Provided material:
--
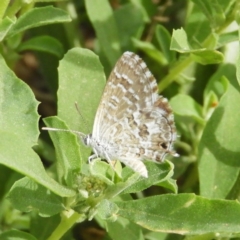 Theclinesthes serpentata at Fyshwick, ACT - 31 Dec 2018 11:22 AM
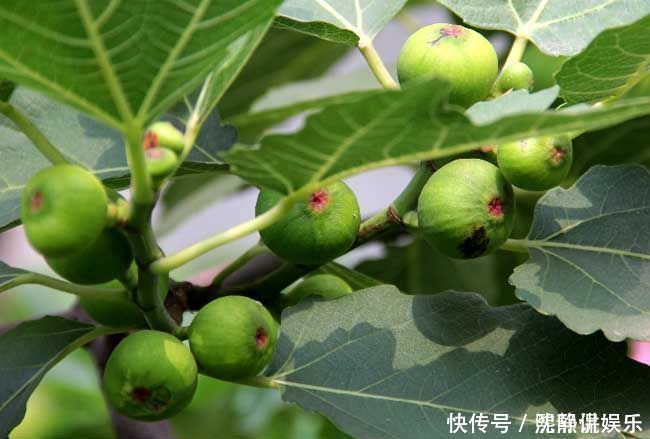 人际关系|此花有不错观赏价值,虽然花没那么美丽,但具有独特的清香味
--
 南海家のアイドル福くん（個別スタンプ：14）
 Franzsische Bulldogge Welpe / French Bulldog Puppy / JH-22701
--
Go back to the lines above and output, exactly as they stand, the ones from the line containing "Theclinesthes serpentata at" to the line containing "人际关系|此花有不错观赏价值,虽然花没那么美丽,但具有独特的清香味". Leave all pictures behind.

 Theclinesthes serpentata at Fyshwick, ACT - 31 Dec 2018 11:22 AM
 人际关系|此花有不错观赏价值,虽然花没那么美丽,但具有独特的清香味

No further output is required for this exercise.